Code Mode Evaluation

If experimenting with Code Mode:

  • Target >30% token savings for meaningful ROI
  • Monitor error rates closely (should be comparable to standard execution)
  • Start with agents that have well-defined, structured tasks
  • Review per-agent adoption to find best-fit use cases

Troubleshooting

Dashboard Shows a Truncation Warning Banner

A yellow banner reading "Showing aggregates over the most recent 10,000 executions" appears on one or more tabs when the selected period contains more than 10,000 executions.

Impact: Metrics on that tab (costs, health scores, divergence rate, estimated savings, per-class volumes) are computed from the most recent 10,000 executions only. The banner is informational - data is still shown, but may understate activity for the oldest portion of the period.

Solution: Switch to a shorter period (7 days) to stay under the limit. If this warning appears consistently and accurate full-period aggregation is important for your workflows, contact your platform administrator.

Dashboard Shows No Data

This can occur when:

  • No agent executions have completed in the selected period
  • The tenant is newly created
  • System clock issues (check execution timestamps)

Solution: Verify agents are configured and triggered at least once. Check Monitor > Activity > Agent Activity for recent executions.

Costs Don't Match Provider Billing

The dashboard calculates costs based on:

  • Model pricing configured in Build > AI Configuration > LLM Models
  • Token counts from API responses
  • Does NOT include provider fees, taxes, or enterprise discounts

Solution: Use the dashboard for relative cost tracking and trends. Compare with provider billing statements monthly to ensure pricing configuration accuracy.

Health Score Seems Wrong

The composite health score weights completion rate highest (50%), tool success rate next (30%), and error-free rate last (20%).

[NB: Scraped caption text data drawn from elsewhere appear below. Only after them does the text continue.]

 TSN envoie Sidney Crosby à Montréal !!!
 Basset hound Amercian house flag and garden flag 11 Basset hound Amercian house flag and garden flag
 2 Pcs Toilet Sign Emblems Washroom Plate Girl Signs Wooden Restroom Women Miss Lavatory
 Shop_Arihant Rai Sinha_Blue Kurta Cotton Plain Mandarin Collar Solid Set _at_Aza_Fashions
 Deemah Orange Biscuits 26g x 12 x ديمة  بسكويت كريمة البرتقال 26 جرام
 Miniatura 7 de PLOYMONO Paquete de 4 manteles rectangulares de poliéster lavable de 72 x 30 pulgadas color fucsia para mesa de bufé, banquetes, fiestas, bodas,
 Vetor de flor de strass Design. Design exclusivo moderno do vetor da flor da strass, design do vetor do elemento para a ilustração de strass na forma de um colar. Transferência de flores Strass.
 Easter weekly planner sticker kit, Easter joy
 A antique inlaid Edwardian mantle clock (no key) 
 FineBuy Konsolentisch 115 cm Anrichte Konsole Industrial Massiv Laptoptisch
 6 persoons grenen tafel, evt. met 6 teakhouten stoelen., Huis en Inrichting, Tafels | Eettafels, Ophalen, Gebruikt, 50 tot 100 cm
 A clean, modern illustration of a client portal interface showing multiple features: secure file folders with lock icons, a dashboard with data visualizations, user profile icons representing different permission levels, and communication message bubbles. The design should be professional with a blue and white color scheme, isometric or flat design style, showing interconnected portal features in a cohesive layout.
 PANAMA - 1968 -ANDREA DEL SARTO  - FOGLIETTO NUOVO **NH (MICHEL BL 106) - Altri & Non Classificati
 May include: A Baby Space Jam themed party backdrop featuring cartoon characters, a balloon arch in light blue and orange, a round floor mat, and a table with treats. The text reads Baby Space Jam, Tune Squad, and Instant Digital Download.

This means:

  • An agent with 90% completion but 50% tool success = ~72 health score
  • An agent with 100% completion and tool success but 10% with non-fatal errors = ~98 health score

Solution: Review individual components (status distribution, tool reliability, error categories) for root cause instead of relying solely on the composite score.

Classifier Tab Shows "No Data"

The Classifier (Shadow) tab displays a no-data message when no classifier telemetry has been recorded for the selected period.

Possible causes:

  • The pre-execution classifier is not yet enabled for your tenant
  • The selected period predates classifier activation
  • Executions have not yet carried classifier dimensions to ExecutionSummaries

Solution: Confirm with your platform administrator that the pre-execution classifier is active. Try a longer period (30 or 90 days) to capture historical data. Once at least one execution records classifier dimensions, the tab will show data.

Classifier Timeout Rate Is High

A timeout rate above 0.5% means the classifier is frequently exceeding its 1,000 ms budget, which may add latency to execution starts.

Solution: Contact support. High timeout rates may indicate infrastructure resource pressure or a classifier configuration issue.

Variants Tab Shows No Data

The Variants tab shows a no-data state when no CCS variant loads or DreamState cycles are recorded for the selected period.

Possible causes:

  • The pre-execution classifier is not yet selecting non-full variants (Phase 3 feature)
  • The selected period predates Phase 3 activation
  • No nightly DreamState cycles have run yet for any agent

Solution: Confirm with your platform administrator that Phase 3 is active. Try a longer period (30 or 90 days). Once the classifier picks at least one non-full variant or a DreamState cycle completes, the tab shows data.

Cost Guardrail Shows Degraded

The BR-027 guardrail trips when the Stage 2 nightly DreamState generation cost exceeds 1.20 times the Stage 1 baseline on consecutive nights. In degraded mode only a limited subset of variants is generated.

Solution: Contact your platform administrator. Manual intervention is the only way to clear the degraded state. Until cleared, the Variants tab KPI card shows Degraded in red.

Code Mode Section Not Visible

Code Mode Analytics is automatically hidden until at least one execution uses Code Mode.

Solution: Enable Code Mode on an agent (experimental feature) and trigger at least one execution. The section will appear after data is available.